Quando la Commissione europea ha presentato le nuove misure di specificazione del Digital Markets Act, a molti è apparso chiaro che l’epoca delle piattaforme chiuse stava ricevendo un altro colpo. Questa volta tocca a Google: le decisioni annunciate, giuridicamente vincolanti, obbligano l’azienda a sostenere l’interoperabilità e la concorrenza su due fronti strategici: Android e la ricerca. Se sul versante search la condivisione dei dati potrebbe ridisegnare il mercato dei motori di ricerca, è l’apertura degli smartphone a rappresentare il nervo più scoperto per Mountain View – e l’opportunità più concreta per chiunque lavori a modelli AI alternativi.

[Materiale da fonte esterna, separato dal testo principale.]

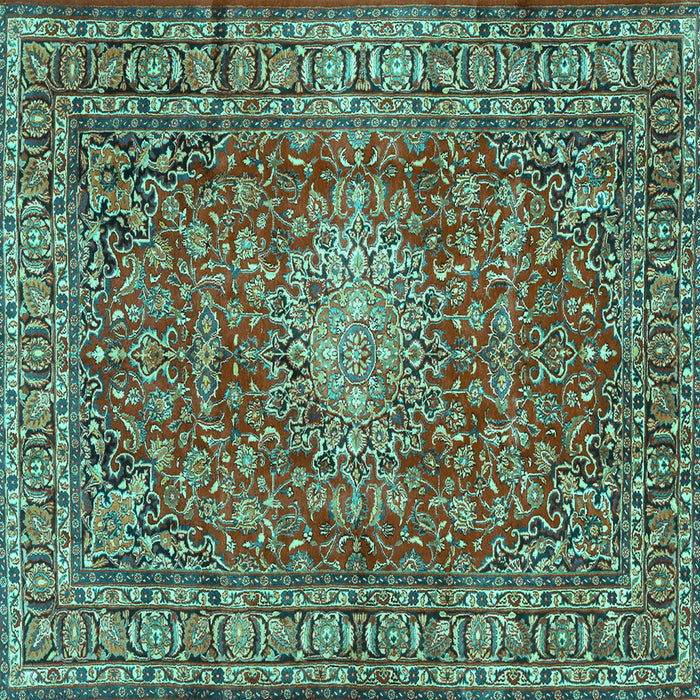 Square Persian Turquoise Traditional Rug, tr2780turq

Fino a oggi Gemini ha goduto di un accesso privilegiato al sistema operativo: precaricato su tutti i dispositivi certificati, attivabile con la parola chiave «Hey Google», integrato nell’automazione delle app e nella lettura dello schermo. Condizioni che hanno di fatto reso Google l’unico gestore dell’interfaccia AI per centinaia di milioni di utenti europei. Con le nuove regole, la Commissione impone la parità di condizioni: altre piattaforme potranno invocare gli stessi comandi, agganciarsi ai flussi di sistema e competere senza barriere artificiali. Google replica che la misura minerà privacy e sicurezza, ma per un gatekeeper designato dal DMA la strada è obbligata.

La tensione è evidente, ma il vero punto non è tanto l’ennesimo braccio di ferro tra Bruxelles e la Silicon Valley. È ciò che questa imposizione racconta sull’evoluzione strutturale dell’AI. Obbligare Google a cedere il controllo delle interazioni vocali e dei dati contestuali sullo smartphone equivale a spalancare le porte a un mercato dove l’inference non deve per forza abitare nei data center californiani. Gli assistenti rivali potranno scegliere di girare in cloud, certo, ma quelli che punteranno sulla differenziazione lo faranno probabilmente valorizzando l’elaborazione locale: meno latenza, nessun dato personale che lascia il dispositivo, conformità GDPR meno onerosa. In altre parole, la decisione potrebbe accelerare la domanda di modelli ottimizzati per girare interamente on-device, spingendo l’industria verso soluzioni di quantization sempre più spinte e framework di serving leggeri.

Non è una dinamica teorica. Già oggi numerosi laboratori indipendenti e startup europee lavorano a LLM in versione ridotta, capaci di funzionare su smartphone con risorse limitate di RAM e compute. Finché l’integrazione di sistema era blindata a favore di Gemini, lo spazio commerciale per quelle soluzioni restava virtuale. L’ordinanza UE inverte la leva: chi sviluppa un assistente privacy-first potrà proporsi come alternativa reale senza dover chiedere permesso a Google ogni volta che un utente pronuncia una sveglia vocale. E per le aziende che valutano strategie di deployment in-house o edge computing, il segnale è netto: la regolamentazione europea sta costruendo un perimetro dove la sovranità del dato passa anche attraverso la libertà di eseguire modelli dove si vuole, non dove il vendor decide.

Certo, restano ostacoli tecnici. Portare un LLM su un telefono senza degradarne le prestazioni richiede compromessi: modelli quantizzati in INT8 o meno, finestre di contesto limitate, architetture snelle. Ma è proprio la pressione competitiva indotta da queste regole a creare il mercato per quei compromessi. In un ecosistema aperto, anche gli sviluppatori di silicio mobile potrebbero trovare conveniente investire in NPU più performanti, creando un circolo virtuoso tra domanda e offerta di capacità di calcolo locale.

L’impatto finale dipenderà dall’implementazione tecnica delle «misure di specificazione», ancora da dettagliare. Ma è già evidente che l’UE non si sta limitando a multare: sta ridefinendo l’architettura competitiva di un’intera piattaforma, spostando il baricentro dal cloud centralizzato alla periferia dei dispositivi. Per chi osserva l’evoluzione dell’AI on-premise e dei modelli self-hosted, è il tipo di scossa che accorcia i tempi di adozione e rende improvvisamente reale ciò che fino a ieri era solo un’ipotesi di nicchia.